Leadership, Creativity, and Coronavirus

How we can creatively lead in rapidly changing times

In the Masters of Organizational Leadership program at The King’s University, one of the final classes students take is called Current Issues and Leadership Studies. It’s a great class, and it helps students to see how the field of leadership studies is moving in new and interesting directions. One of the topics in this class is the idea of arts and aesthetics in leadership. We talk about thinking of leadership as an artist would, using all of our physical senses, thinking about intuition and extra-rational ways to think about leading our organizations, as well as expressing meaning to others through the arts as a leader, using symbols, stories, metaphors, etc. Further, it acknowledges the realty of paradoxes and tension as  a normal part of organizational life, and that “solving problems” is not the only important thing that leaders do. This is pretty “out there” stuff for a discipline that is largely rooted in the “rational” approach and the social sciences but can offer powerful ways to think about leadership and open up new ways to be effective as leaders. 

This should not be too “out there” for believers. After all, we serve a creative God. In fact, the very first thing that we read about God doing in the Bible is that He created something (Gen. 1:1). If we are made in God’s image, then we too must be creative beings. I really think creativity is part of God’s image, reflected in us in a variety of ways. We have a lot of creative students at TKU, and creating things requires a different approach than does studying. It requires a little more intuition, flexibility, and reflexivity between our environment and our feelings and what’s going on in the world. Yet even Christian leaders can get stuck in a rationalistic, managerial, and problem-solving mode, doing things the way we always do things. But if the COVID-19 crisis has taught us anything, it is that “business as usual” does not work. (Not sure if it ever did—we just like to find a solution and go on cruise control. But that is the topic for another blog.)

This idea of artistic expression has made its way into thinking about and practicing leadership. Leadership is about creating solutions to problems, making our way into the future, creating vision, meaning, and purpose for people, and helping organizations align around common cause. Thinking about the intersection of the arts and leadership is interesting. As leaders, we are creative people. We create a vision of something for our ministry our organizations, not necessarily creating “something out of nothing”—we’re not God—but we utilize resources and harness people’s energy, expertise, energy, ability, and commitment to help us create an organization or ministry that is effective and meaningful.

In the class I gave students an option to do a discussion online post on a creative expression that reflects creativity and their leadership. Several of them decided to write about things that they’re doing in response to our current COVID19 quarantine situation. One of the students wrote a poem called “For Now.” It was very hopeful and helpful, a great leadership posture. For now, we are homebound, for now we’re isolated, scared, maybe even out of work. But this is a season that we’re going through and God has great things ahead, and God is going to redeem the “for now,” and in hindsight we will see what He’s doing. It truly blessed the class and conveyed a powerful idea in an artistic in creative way, and helps us make sense of things beyond what a typical “rational” exhortation can. 
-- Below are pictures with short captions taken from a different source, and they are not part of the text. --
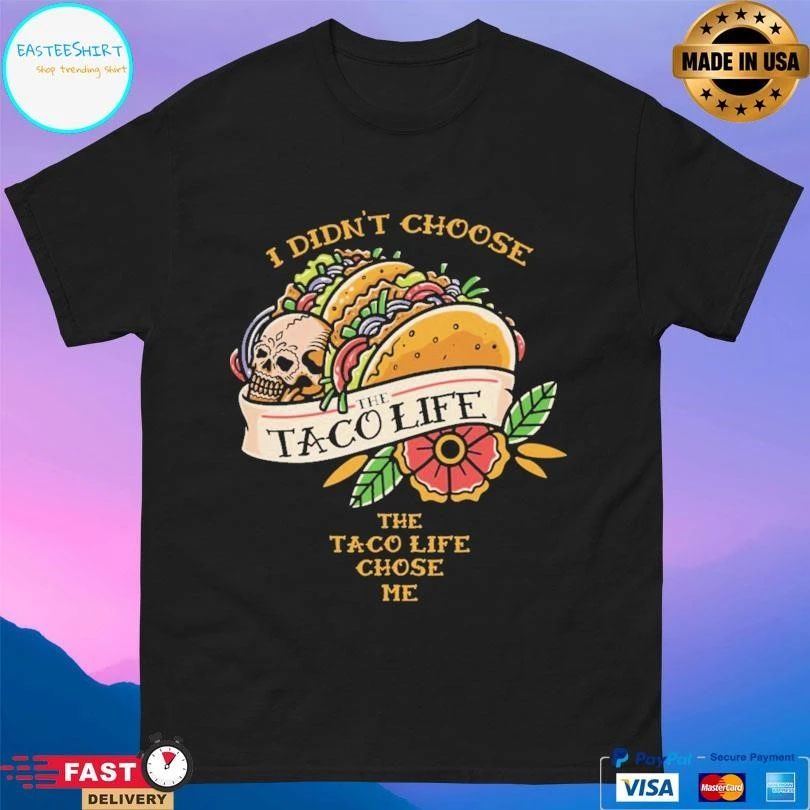 I Didn’t Choose The Taco Life Chose Me T-shirts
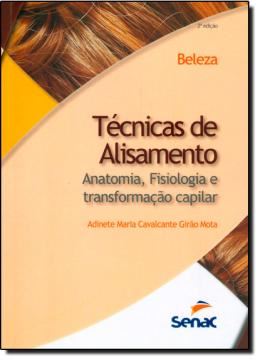 Imagem de TECNICAS DE ALISAMENTO - ANATOMIA, FISIOLOGIA E TRANSFORMACAO CAPILAR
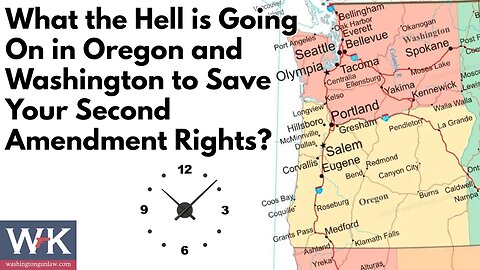 What the Hell is Going On in Oregon and Washington to Save Your Second Amendment Rights?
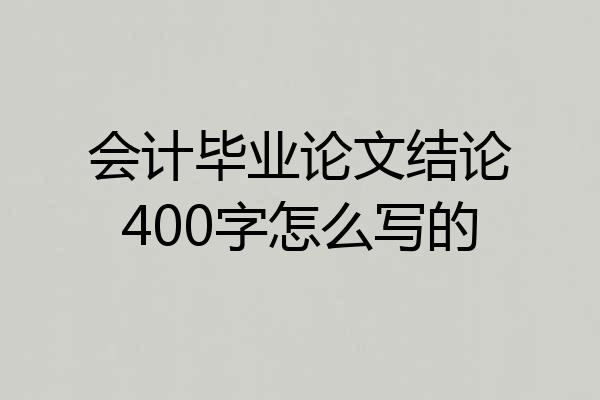 会计毕业论文结论400字怎么写的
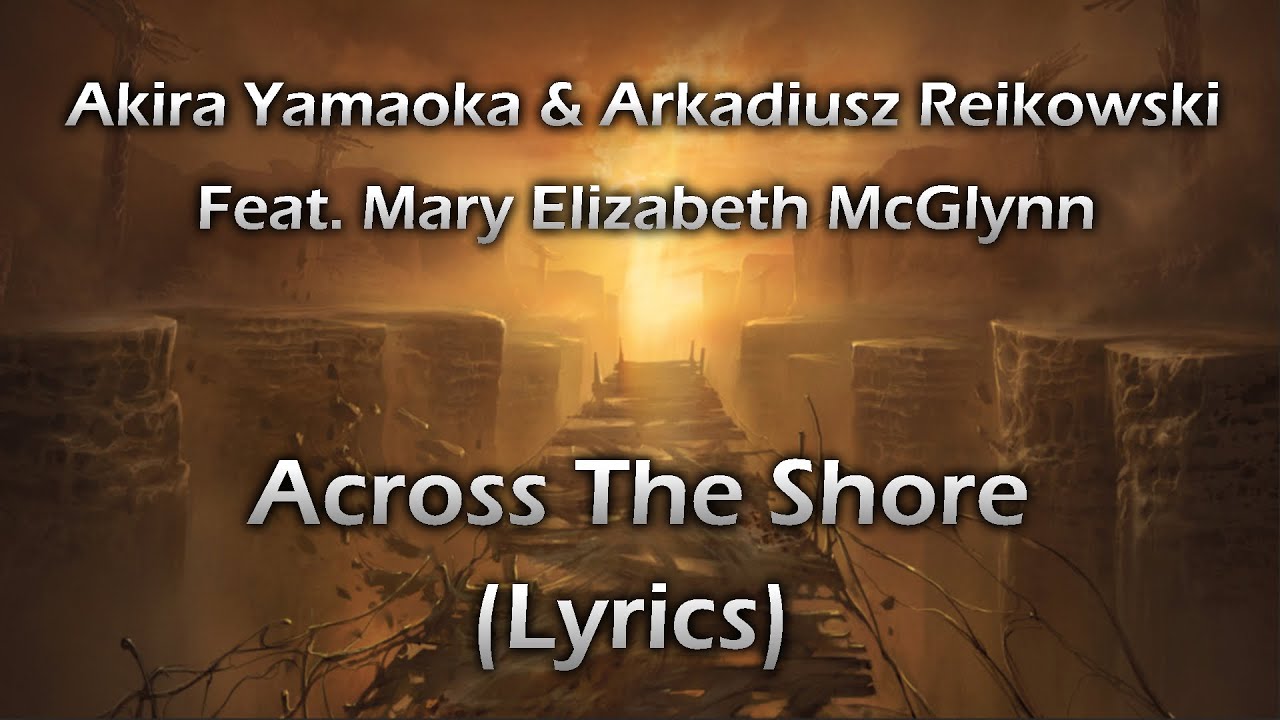 Akira Yamaoka & Arkadiusz Reikowski - Across The Shore (Lyrics) (feat. Mary Elizabeth McGlynn)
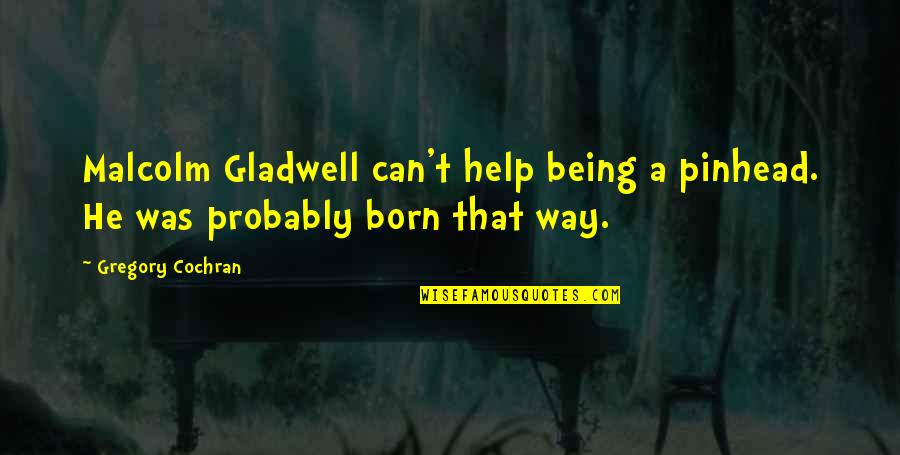 Heredity Quotes By Gregory Cochran: Malcolm Gladwell can't help being a pinhead. He
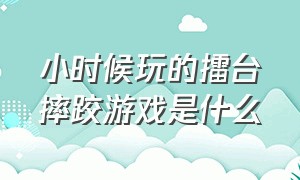 小时候玩的擂台摔跤游戏是什么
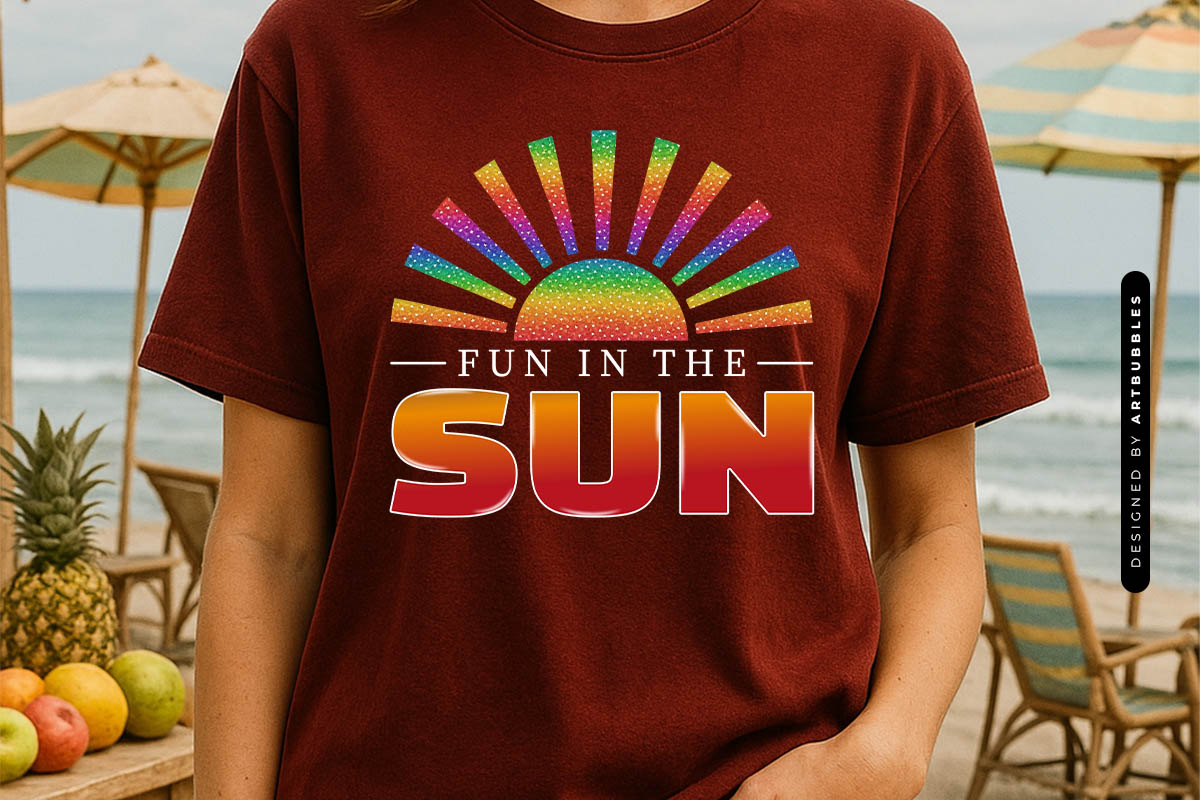 Fun in the Sun - Summer Quote Sublimation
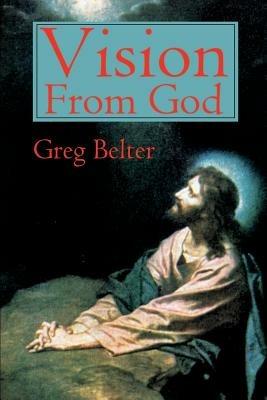 Vision from God - Greg Belter - cover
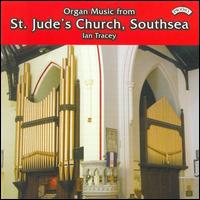 Organ Music from St. Jude's Church, Southsea von Ian Tracey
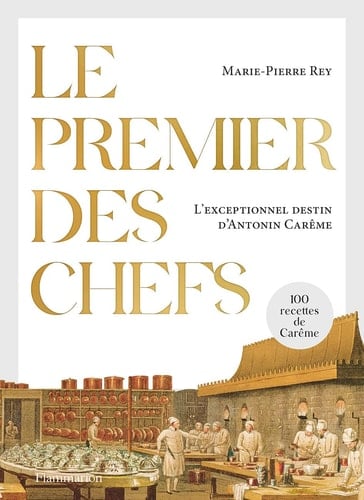 Le premier des chefs l'exceptionnel destin d'Antonin Carême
Another student described what their church did for Easter. He is a children’s pastor of a medium sized church in the DFW area. They did a “drive-by Easter egg hunt.” They created big pictures of colorful eggs, and each of the eggs had a Scripture verse on it or something related to the resurrection. They have a lot of windows in their church, and so they put the eggs in different “baskets” (windows), and they asked the parents to drive around with their kids to find all the different eggs, and to retell the story that they were seeing. So many people were blessed by that, and the response they received afterwards from the parents was tremendous. Even the older members, some whom are homebound, got in the cars and drove through. He described the tears in their eyes, that the church would come up with this creative way to still celebrate the purpose of Easter. What a great, creative leadership artistic expression to respond to a current situation. As we journey on through this season and beyond, think creatively about doing leadership in new and different ways. This season is forcing many of us to be creative. As we go into the future, think of yourself as an artist of sorts—you’re creating something that doesn’t exist, you’re using the capacity of creativity, the resources that God has given you to create something new in order to give people meaning, hope, purpose, and, of course, to share the gospel. So go out there, create something beautiful, and bring people closer in relationship with Jesus, through whom all things were created (John 1:3).